Keywords: Deaf, Libras, Interpreter, Education, Bilingualism

INTRODUÇÃO

Em tempos de inclusão, espera-se que a escola, mais do nunca, seja um espaço que acolha a diversidade e propicie uma educação de qualidade. Assim, a proposta aqui apresentada, é discutir os processos comunicativos que envolvem a educação do aluno surdo pela mediação do intérprete da Libras.

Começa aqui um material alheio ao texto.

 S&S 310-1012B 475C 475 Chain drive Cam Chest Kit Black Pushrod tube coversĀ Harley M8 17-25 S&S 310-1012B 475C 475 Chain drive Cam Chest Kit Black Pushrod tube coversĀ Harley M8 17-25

Diante das muitas considerações que destacam o papel da linguagem no processo de interação e nos processos cognitivos, torna-se importante investigar a relevância do bilingüísmo (Libras/Português) na educação do surdo, e consequentemente da atuação do intérprete nesse processo, lembrando da complexidade do papel desse profissional, visto que a questão central não é simplesmente traduzir conteúdos, mas torná-los compreensíveis, para o aluno sem descaracterizar nenhuma das duas línguas.

A Libras

O maior problema enfrentado pelos surdos é o da comunicação, e como destaca Vygotsky (1993), a linguagem é a base do pensamento e é por meio dela que surgem todas as manifestações sociais. É pela linguagem que o processo de socialização vai exercer sua influência permanente por toda a vida do indivíduo. Uma língua não depende obrigatoriamente da fala para ser concretizada, pois possui em si mesma, o código capaz de estabelecer a comunicação entre interlocutores, possibilitando a interação social. Isso legitima a língua de sinais, e está de acordo com os estudos de Quadros (1997) e Quadros e Schmiedt (2006), para quem as línguas, quanto à sua forma de percepção, podem ser dividas em: orais-auditivas, quando a forma de recepção não-escrita é a audição, e a forma de reprodução não-escrita é a oralização; ou podem ser espaço-visuais, quando são reproduzidas por sinais manuais e a sua recepção é visual.

Brito (1993) traz informações de que as línguas de sinais começaram a ser estudadas e analisadas a partir da década de 60, passando então a ocupar um status de língua. Esses estudos começaram com o lingüista norte-americano William C. Stokoe que em 1965, publicou o resultado de suas pesquisas, onde analisou e descreveu detalhadamente a estrutura da Língua Americana de Sinais (ASL).

No Brasil, de acordo com Quadros e Schmiedt (2006), esses estudos se iniciaram na década de 80 com as pesquisas de Lucinda Ferreira Brito, que a partir de 1982, iniciou um trabalho de descrição lingüística da estrutura da Língua de Sinais do Brasil. Posteriormente Lodenir B. Karnopp (1994) e Ronice M. Quadros (1995) e outros, começaram a estudar a aquisição da Libras por crianças surdas.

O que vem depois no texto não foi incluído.